Philadelphia Nightclub Entrepreneur Benjamin Bynum Sr. Has Died at Age 98
Benjamin Bynum Sr., a prominent nightclub owner who served as a link between the entertainment and political worlds of Philadelphia, died of a brief illness on October 19th at the age of 98.
Bynum began his self-made career as an entrepreneur with bars and cafés in North Philly and Germantown. Among his heirs are restaurateurs Robert and Benjamin Bynum Jr., who own restaurants South and Relish as well as former blues and jazz clubs Zanzibar Blue and Warmdaddy's in Center City.
"Ben Bynum touched the lives of innumerable people through his love of music and devotion to giving Philadelphians a place to hear it," said WRTI General Manager Bill Johnson. "He is forever woven into the fabric of Philadelphia's music history and his legacy, thanks to sons Robert and Benjamin Jr., continues on even in his passing."

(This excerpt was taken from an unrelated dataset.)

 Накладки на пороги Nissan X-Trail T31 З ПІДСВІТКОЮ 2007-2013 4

Born in Lexington, S.C., on April 6, 1923, Benjamin Louie Bynum Sr. was one of ten siblings. During World War II, he served as a member of the Montford Point Marines, the first African American unit in the U.S. Marine Corps. Bynum opened the Cadillac Club on Germantown Avenue in Philadelphia in 1965 after operating other bars, including the Cosmo Club and the Big Moose, both in Brewerytown.

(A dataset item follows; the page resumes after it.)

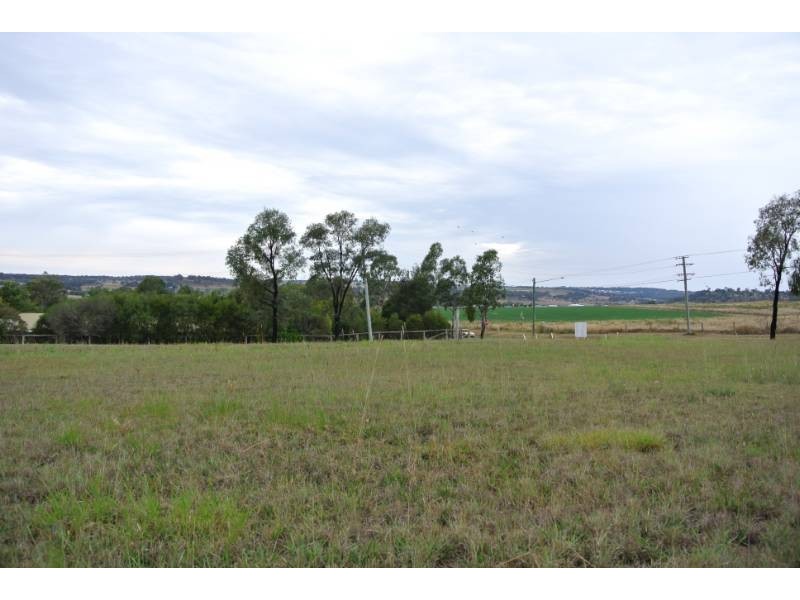 15 Oakey-Meringandan Road, Meringandan West QLD 4352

With his wife, Ruth, who handled the books, the Cadillac Club became known for booking famous artists like Nina Simone, B.B. King, Redd Foxx, Kenny Gamble, Woody Herman, Count Basie, Gladys Knight, Fats Domino, George Benson, The Stylistics and the Queen of Soul, Aretha Franklin. Billy Paul's first album, "Feeling Good at The Cadillac Club," mentions the club which featured him and shaped his career as a soul singer.
With his finger on the pulse of the changing times and his clientele's tastes, Mr. Bynum transformed the Cadillac Club into The Impulse Discotheque in 1977. Robert and Benjamin Jr. worked for him through high school and college, eventually launching their own business.

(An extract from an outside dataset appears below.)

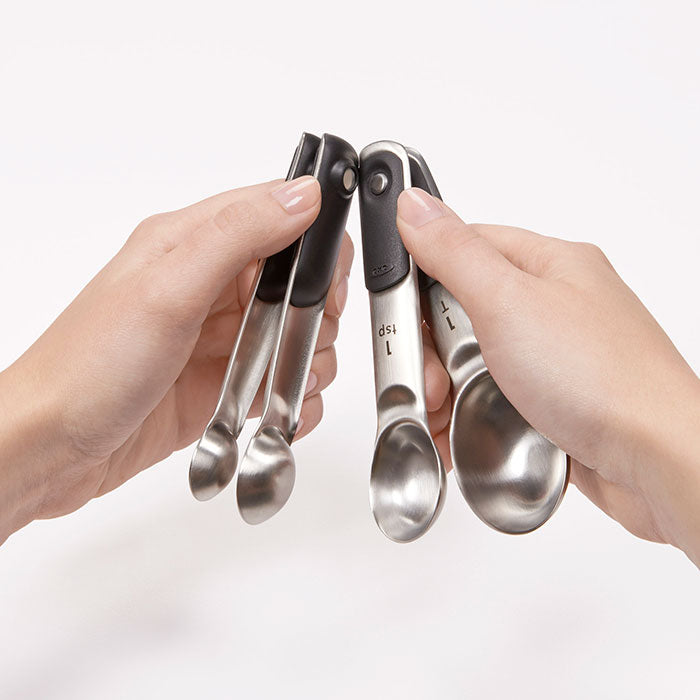 https://www.kitchenkapers.com/cdn/shop/products/oxo-stainless-steel-magnetic-measuring-spoons-46_562ddb55-e170-4190-93ca-9f95d033718d_700x700.gif?v=1590078282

Former Philadelphia Mayor Michael Nutter, Robert Bynum's best friend in high school, was influenced by Ben, Sr.'s political acumen. During his youth, Nutter held positions as a manager and DJ at the Impulse Club and took civic and social lessons from the elder Bynum, telling The Philadelphia Inquirer, "I wouldn't be here today if it wasn't for Ben Bynum."
After The Impulse closed in 1991, Ben Sr. started booking the finest blues acts in the tri-state area for his sons' Southern food restaurant, Warmdaddy's, where he brought a level of entertainment to the area never seen before.
As a self-proclaimed non-retiree, Bynum worked into his 90s. His Friday and Saturday responsibilities at Warmdaddy's continued, even after it moved to a second location on Delaware Ave. and Reed St. before its pandemic shutdown.
Mr. Bynum's funeral service will be held on Monday, Nov. 1st at Deliverance Evangelistic Church, 2001 W. Lehigh Ave., Philadelphia, 19132. There will be a viewing from 9 to 11 AM followed by a service at 11 AM., and is open to all who would like to pay their respects. Burial will be at Ivy Hill Cemetery, Philadelphia.